It would certainly appear to be an algo change as googlebot also tried over 30,000 in one day to access 5 pages that were SQL created pages that were missing off the site by mistake simply creating a 404 error which would normally be crawled once and ignored. As soon as I noticed and rectified the error, googlebot carried on with the rest of the site as normal - the worrying thing is that this latest error cannot be rectified easily at all without re-writing the whole cart and googlebot is 'stuck' trying this one URL and is not attempting anything else.
If you can help GoogleGuy, it would be much appreciated
One of the most common causes of 404 problems on Apache server is incorrect syntax in the ErrorDocument directive [httpd.apache.org]. If you point 404's or 500's to a full URL instead of a local path, the server code returned will be a 302-Moved Temporarily, not a 404-Not Found. See the warning (concerning 401's but applicable to all error documents) at the bottom of the cited ErrorDocument documentation.
Jim
HTTP/1.1 302 Found
message!
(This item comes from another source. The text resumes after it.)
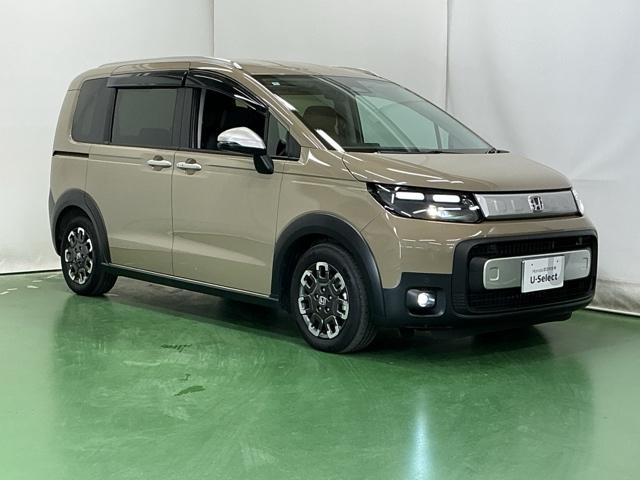 �傫���J���X���C�h�h�A�ŋ����ꏊ�ł��ׂ��C�ɂ��邱�ƂȂ��y�ɏ��~��ł��܂�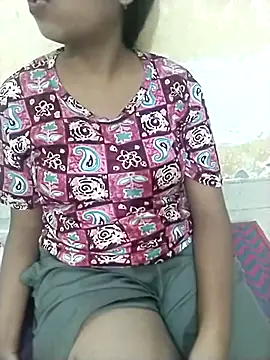 Your_Alinaa live cam on StripChat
Yes, I redirect to a full link for error pages using .htaccess
ErrorDocument 302 FULL-URL
ErrorDocument 401 FULL-URL
ErrorDocument 404 FULL-URL
ErrorDocument 500 FULL-URL
ErrorDocument 509 FULL-URL
I've never had any trouble with the Googlebot because of it.
Well, I was one for about 25 years, now I'm doin' whatever it takes to pay the bills! :)
See, in the old days, I had to design the hardware, write the boot code (machine code, and usually on paper), toggle it into the front panel in binary, and hit the run switch. The division between "hardware" and "software" was not so sharp.
Jesse,
I think you've been really lucky! Of course, Google probably has a few "extra" routines in their 'bot code to handle simple and common problems with 404s, and that's why you haven't had any trouble. I would recommend fixing it, though - they'll spend less time doing fix-up, and more time spidering.
Jim
It reminds me a lot of the big server crash we had a while back while testing a new e-commerce application before deploying it.
Our Tomcat server caused our Apache server to go into a wild loop... and Catalina ( a log file inside Tomcat ) went totally bezerk and caused our whole server to crash with a big thump. Had to remove that file et manually reboot our server at the data center.... We coudn't remote it anymore...
When we deleted that file, it was over 22 Gigs! Just a log file, imagine...
What A day! I'l never forget that one...
..this is because the server is doing more in-depth analysis about the best way to crawl your site.. ..Googlebot will be much better at crawling your website after that..
It's heuristic? Will all our phones ring at once one day?
Adaptive bot tech, using our own sites to continually learn! Given a few years any type of SEO would be impossible.
Jolly good.